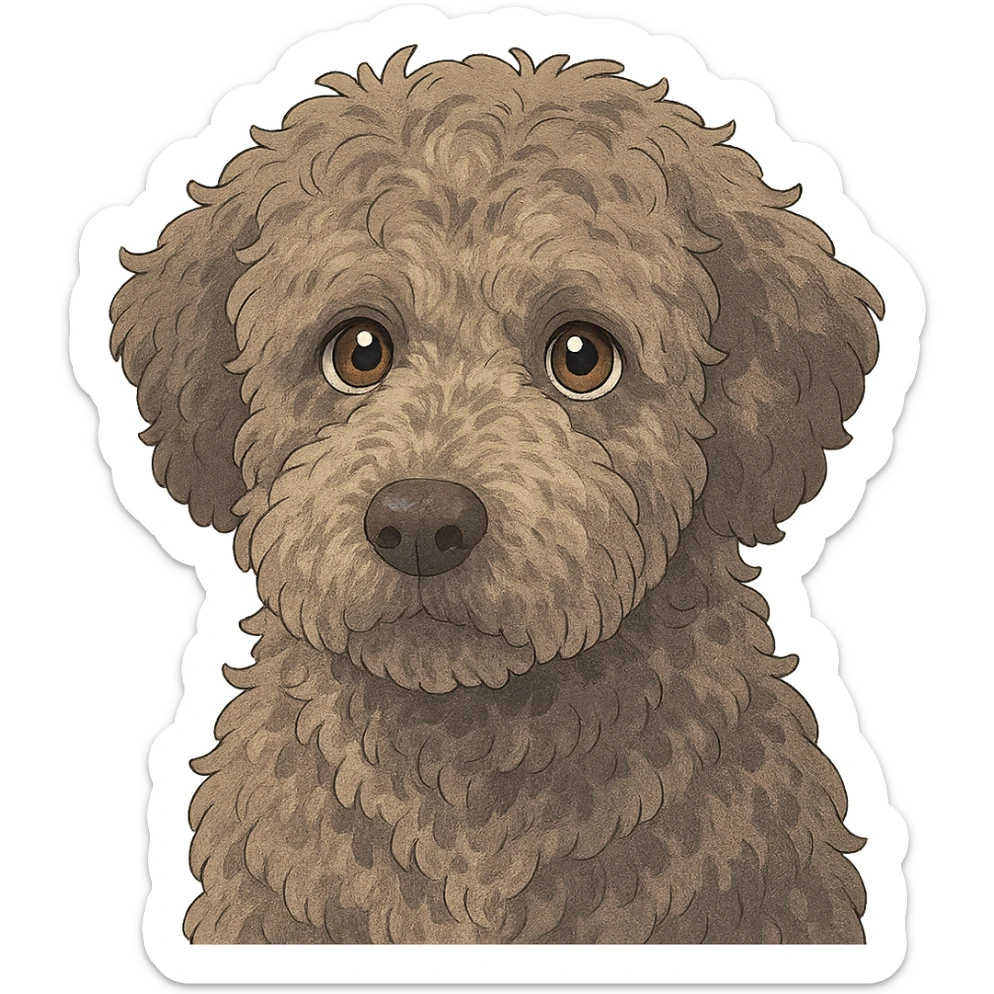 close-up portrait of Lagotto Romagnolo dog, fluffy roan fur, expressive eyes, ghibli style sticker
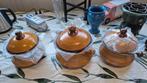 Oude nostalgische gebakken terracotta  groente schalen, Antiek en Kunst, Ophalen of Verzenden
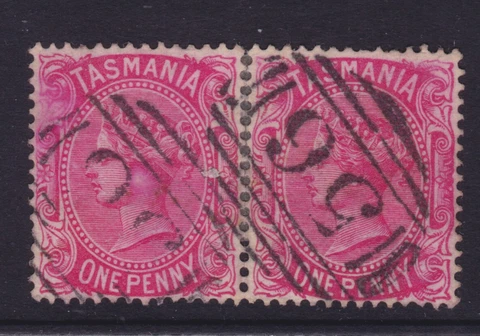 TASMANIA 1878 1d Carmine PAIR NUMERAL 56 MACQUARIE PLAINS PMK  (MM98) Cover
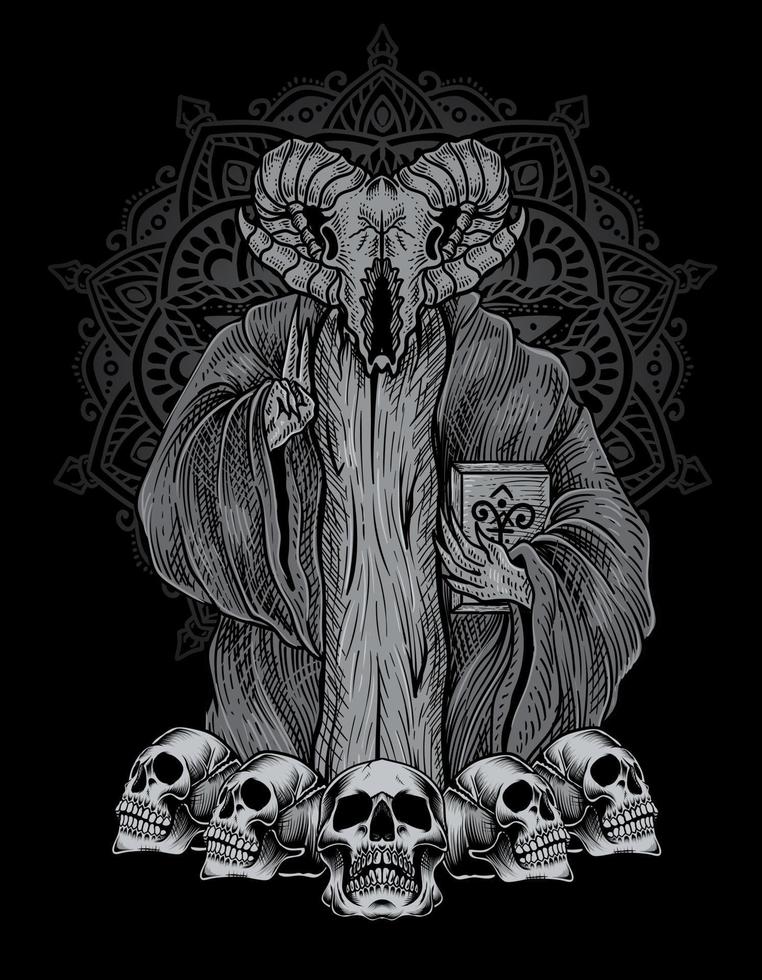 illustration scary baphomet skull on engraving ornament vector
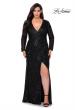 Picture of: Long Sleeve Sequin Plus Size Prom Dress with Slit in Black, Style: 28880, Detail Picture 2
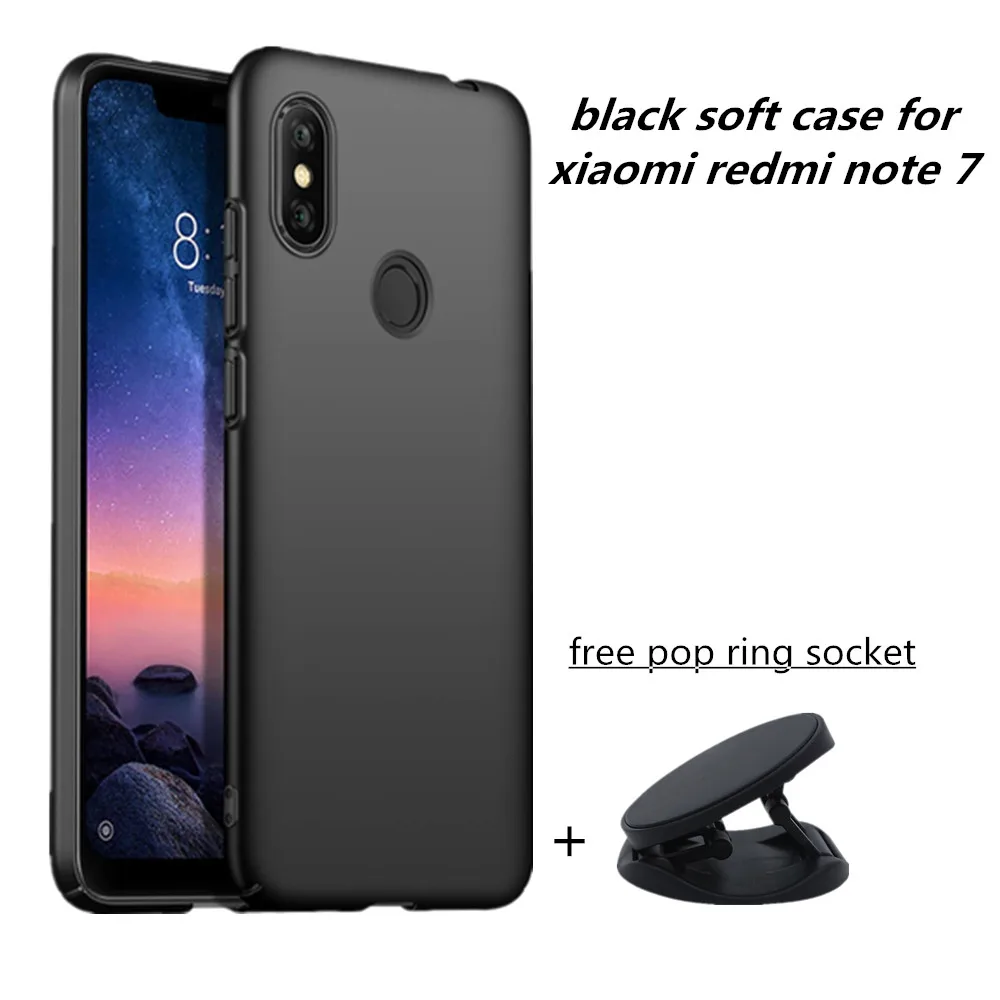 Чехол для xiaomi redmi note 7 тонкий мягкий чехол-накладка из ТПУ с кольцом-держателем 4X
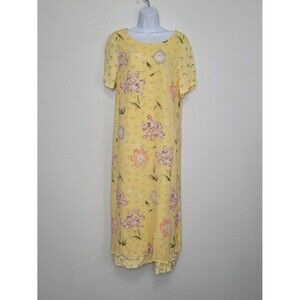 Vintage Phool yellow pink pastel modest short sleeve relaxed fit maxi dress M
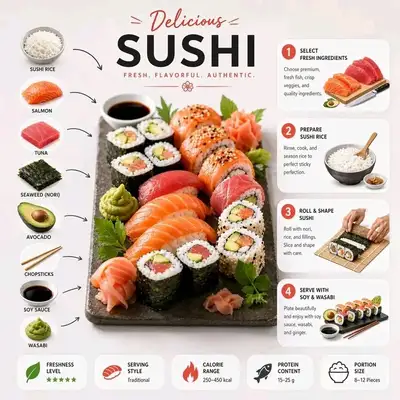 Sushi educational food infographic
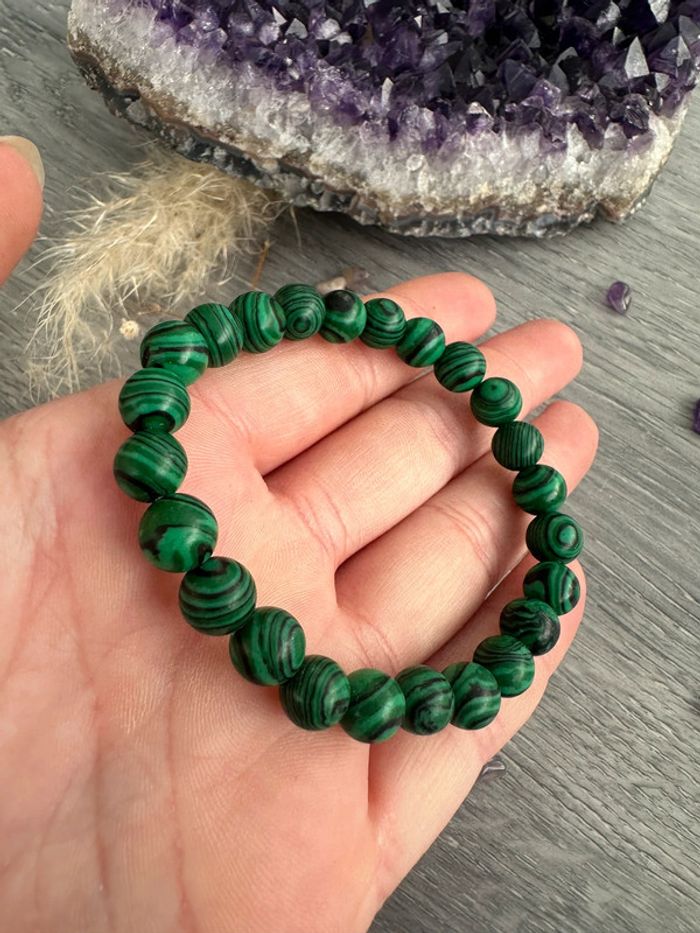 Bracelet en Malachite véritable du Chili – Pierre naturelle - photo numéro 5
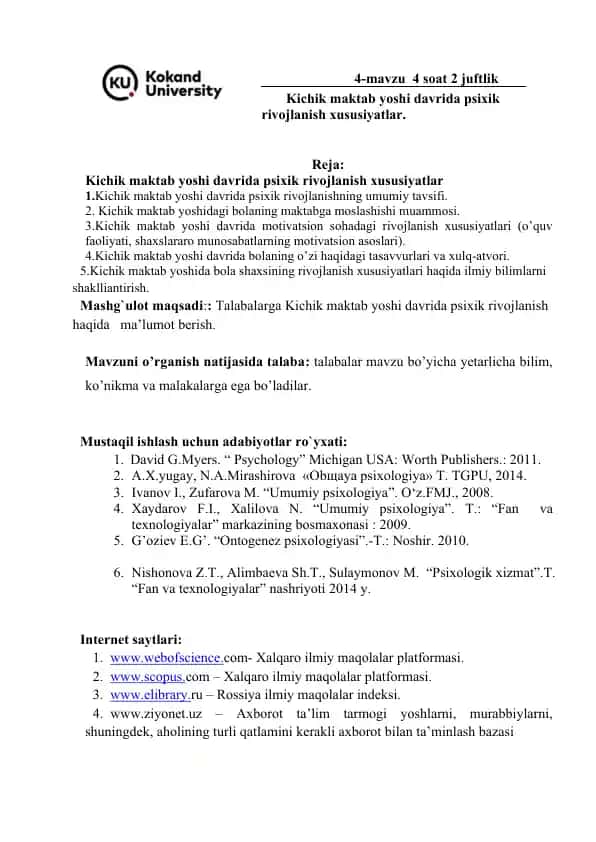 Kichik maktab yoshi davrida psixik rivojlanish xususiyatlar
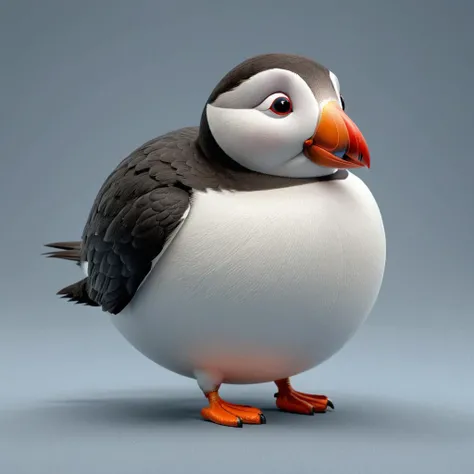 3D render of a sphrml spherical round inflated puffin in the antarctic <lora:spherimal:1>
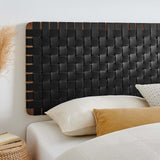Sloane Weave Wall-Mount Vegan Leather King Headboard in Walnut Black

WHAT YOU WILL DO: Repeat the material above exactly. Leave every picture out of it.

RESULT OF THIS EXERCISE:
 close-up portrait of Lagotto Romagnolo dog, fluffy roan fur, expressive eyes, ghibli style sticker
 Oude nostalgische gebakken terracotta  groente schalen, Antiek en Kunst, Ophalen of Verzenden
 TASMANIA 1878 1d Carmine PAIR NUMERAL 56 MACQUARIE PLAINS PMK  (MM98) Cover
 illustration scary baphomet skull on engraving ornament vector
 Picture of: Long Sleeve Sequin Plus Size Prom Dress with Slit in Black, Style: 28880, Detail Picture 2
 Чехол для xiaomi redmi note 7 тонкий мягкий чехол-накладка из ТПУ с кольцом-держателем 4X
 Vintage Phool yellow pink pastel modest short sleeve relaxed fit maxi dress M
 Sushi educational food infographic
 Bracelet en Malachite véritable du Chili – Pierre naturelle - photo numéro 5
 Kichik maktab yoshi davrida psixik rivojlanish xususiyatlar
 3D render of a sphrml spherical round inflated puffin in the antarctic <lora:spherimal:1>
Sloane Weave Wall-Mount Vegan Leather King Headboard in Walnut Black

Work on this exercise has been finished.